Given information |
---+---

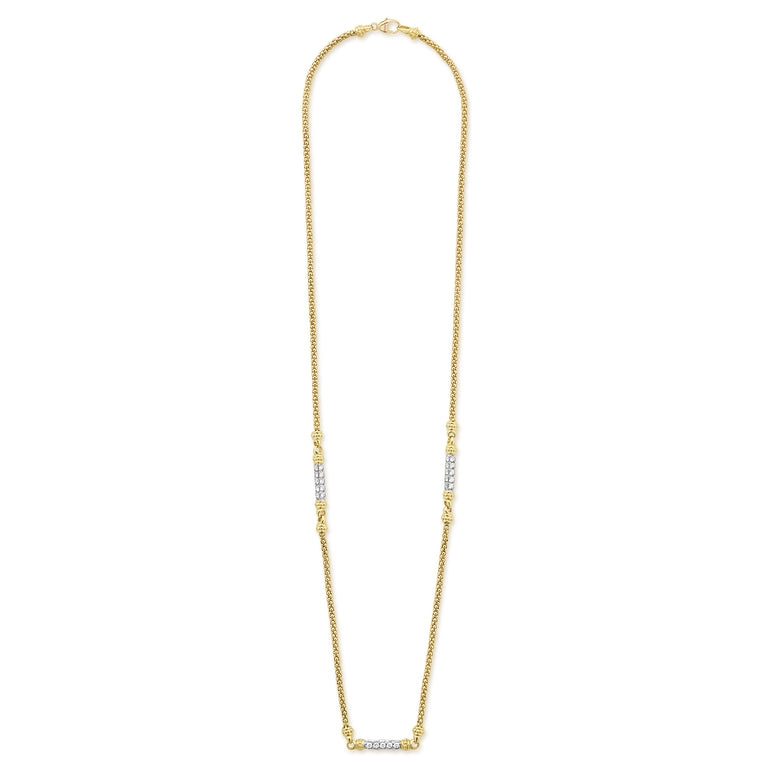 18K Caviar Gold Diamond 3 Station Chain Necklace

---+---

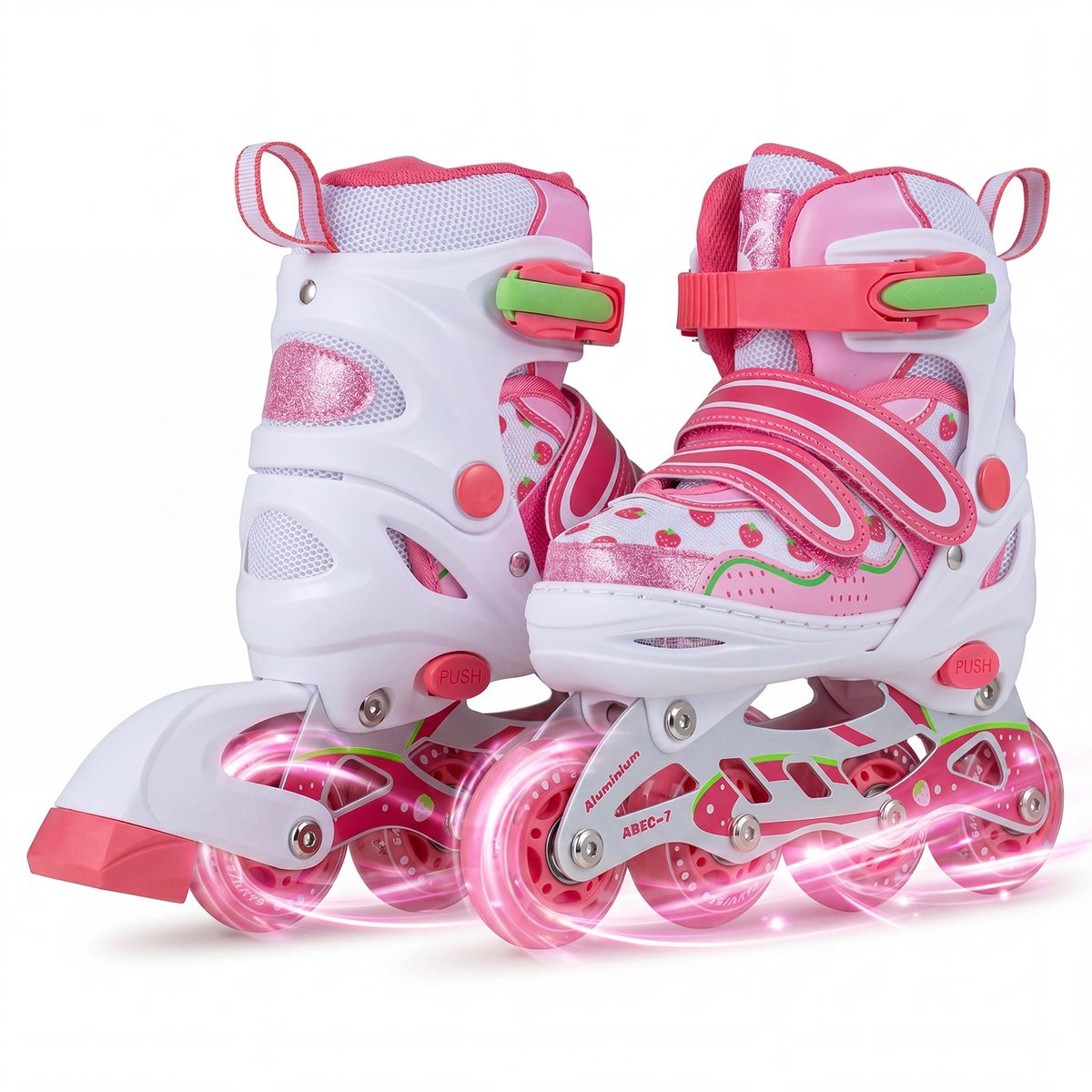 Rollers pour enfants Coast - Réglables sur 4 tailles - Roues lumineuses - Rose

---+---

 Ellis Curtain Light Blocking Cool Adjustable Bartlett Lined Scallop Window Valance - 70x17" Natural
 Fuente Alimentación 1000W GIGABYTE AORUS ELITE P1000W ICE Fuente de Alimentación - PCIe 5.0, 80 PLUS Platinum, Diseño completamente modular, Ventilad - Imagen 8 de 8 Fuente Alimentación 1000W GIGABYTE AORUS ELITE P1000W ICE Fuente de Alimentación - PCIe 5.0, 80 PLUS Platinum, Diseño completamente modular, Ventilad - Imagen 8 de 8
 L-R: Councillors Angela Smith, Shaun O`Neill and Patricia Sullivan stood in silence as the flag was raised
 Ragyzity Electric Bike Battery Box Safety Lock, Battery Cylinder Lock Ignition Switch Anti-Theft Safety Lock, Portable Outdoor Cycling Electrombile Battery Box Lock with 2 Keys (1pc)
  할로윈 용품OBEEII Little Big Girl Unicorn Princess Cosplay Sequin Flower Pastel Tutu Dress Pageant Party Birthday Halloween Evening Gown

---+---

Instructions for the task | Look through the data above and return exactly the lines from the one that contains "L-R: Councillors Angela" to the one that contains "할로윈 용품OBEEII Little", inclusive, with nothing else.

Task solution |
 L-R: Councillors Angela Smith, Shaun O`Neill and Patricia Sullivan stood in silence as the flag was raised
 Ragyzity Electric Bike Battery Box Safety Lock, Battery Cylinder Lock Ignition Switch Anti-Theft Safety Lock, Portable Outdoor Cycling Electrombile Battery Box Lock with 2 Keys (1pc)
  할로윈 용품OBEEII Little Big Girl Unicorn Princess Cosplay Sequin Flower Pastel Tutu Dress Pageant Party Birthday Halloween Evening Gown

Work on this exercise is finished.